SDK Usage
=========

The timedb SDK is a single class — :class:`~timedb.TimeDBClient` — that
talks to ClickHouse via HTTP. It owns no metadata, no catalog, no
fluent series API: callers identify series by integer ``series_id`` and
manage any naming / labeling / unit handling themselves.


Overview
--------

TimeDB stores rows in two tables:

- ``series_values`` — append-only time-series store. Sort key
  ``(series_id, valid_time, knowledge_time, change_time)`` covers both
  flat and overlapping reads. Partitioned by ``(retention, month)`` so
  TTLs drop whole partitions.
- ``run_series`` — tiny ``(series_id → run_id)`` mapping. Lets
  "which runs touched this series" lookups skip the data table.

A single row carries:

- ``series_id`` — externally assigned integer identity
- ``valid_time`` — when the value applies
- ``knowledge_time`` — when the value became known (forecast issue time)
- ``change_time`` — when the row was written
- ``value`` — float64
- ``valid_time_end`` — interval end (default ``2200-01-01``, treat as +∞)
- ``run_id`` — a UUID7 truncated to 63 bits (one per write batch unless overridden)
- ``changed_by`` / ``annotation`` — optional audit text
- ``retention`` — TTL tier: ``short`` / ``medium`` / ``long`` / ``forever``


Connecting
----------

.. code-block:: python

   from timedb import TimeDBClient

   td = TimeDBClient()                                  # reads TIMEDB_CH_URL
   td = TimeDBClient(ch_url="http://localhost:8123/")   # explicit


Schema management
-----------------

Both calls are idempotent.

.. code-block:: python

   td.create()   # CREATE TABLE IF NOT EXISTS for series_values + run_series
   td.delete()   # DROP TABLE IF EXISTS for both — destroys all data


Writing data
------------

``write()`` accepts a Pandas or Polars DataFrame. Required columns are
``series_id``, ``valid_time``, ``value``. Everything else is optional;
missing columns get safe defaults stamped per batch.

.. code-block:: python

   import polars as pl
   from datetime import datetime, timezone

   kt = datetime(2025, 1, 1, 6, tzinfo=timezone.utc)
   df = pl.DataFrame({
       "series_id":  [42] * 24,
       "valid_time": [datetime(2025, 1, 1, h, tzinfo=timezone.utc) for h in range(24)],
       "value":      [100.0 + i * 2 for i in range(24)],
   })
   td.write(df, retention="medium", knowledge_time=kt)
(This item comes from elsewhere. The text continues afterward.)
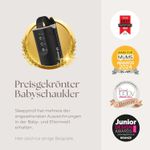 Sleepytroll Baby Rocker Gen 2 inkl. Babywippen Adapter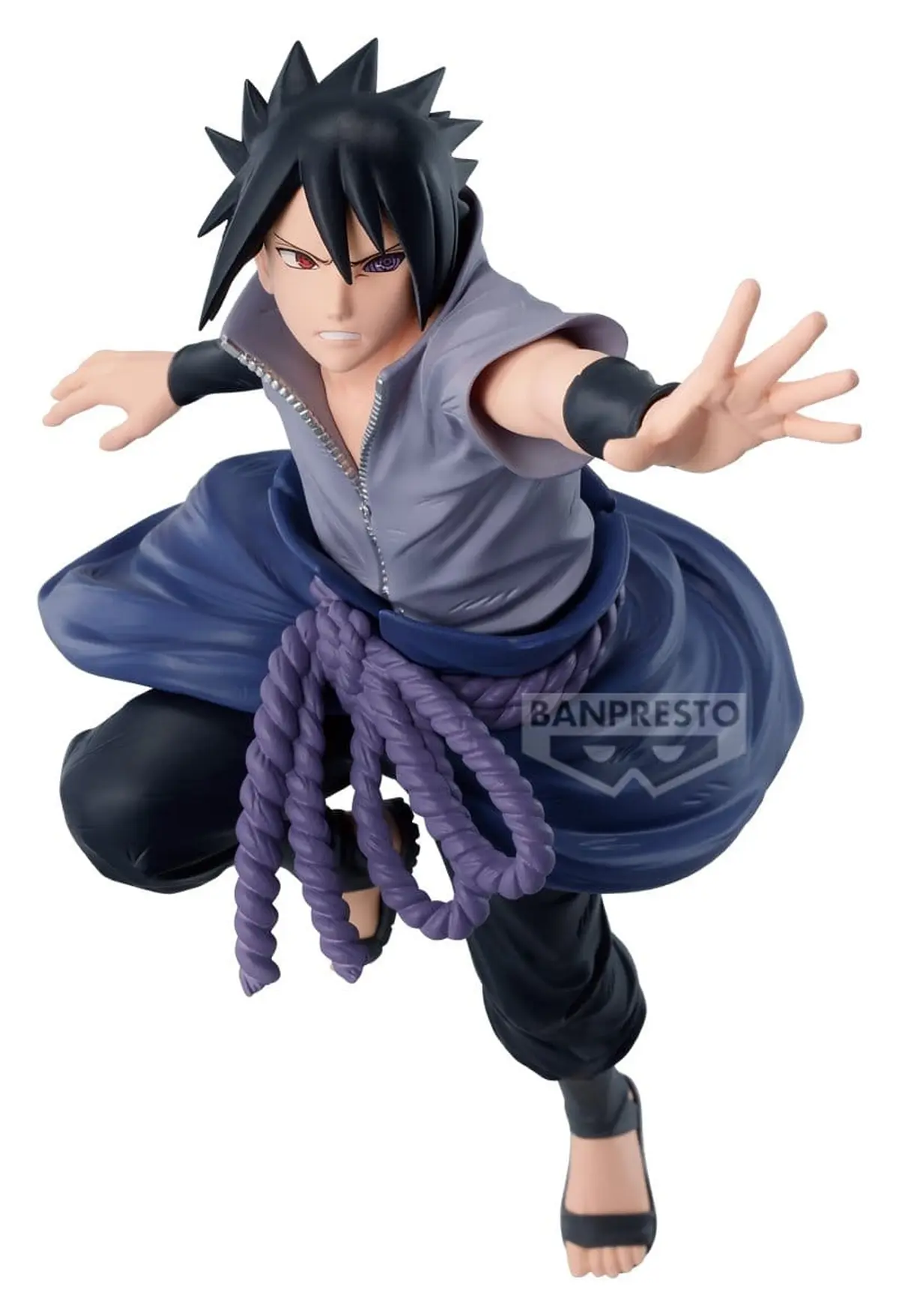 Naruto - VIBRATION STARS - Sasuke Uchiha - Imagen 1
Optional column / kwarg defaults:

- ``knowledge_time`` — kwarg, else ``datetime.now(UTC)`` for the batch.
  Cannot be passed as both kwarg *and* column simultaneously.
- ``change_time`` — column or ``datetime.now(UTC)`` for the batch.
- ``run_id`` — column or one client-generated UUID7 (top 63 bits) per batch.
  Time-sortable, and round-trips through ``Int64`` / ``UInt64`` cleanly.
- ``valid_time_end`` — column or sentinel ``2200-01-01``.
- ``changed_by`` / ``annotation`` — column or ``""``.
- ``retention`` — kwarg, column, or default ``"forever"`` (no TTL).
  Also cannot be passed as both kwarg and column.

All timestamp columns must be timezone-aware (``polars.Datetime`` with a
non-null ``time_zone``). Naive timestamps raise ``ValueError``.

Each ``write()`` call also writes one ``(series_id, run_id)`` row per
unique pair into ``run_series`` so that downstream metadata layers can
reverse-lookup runs without scanning ``series_values``.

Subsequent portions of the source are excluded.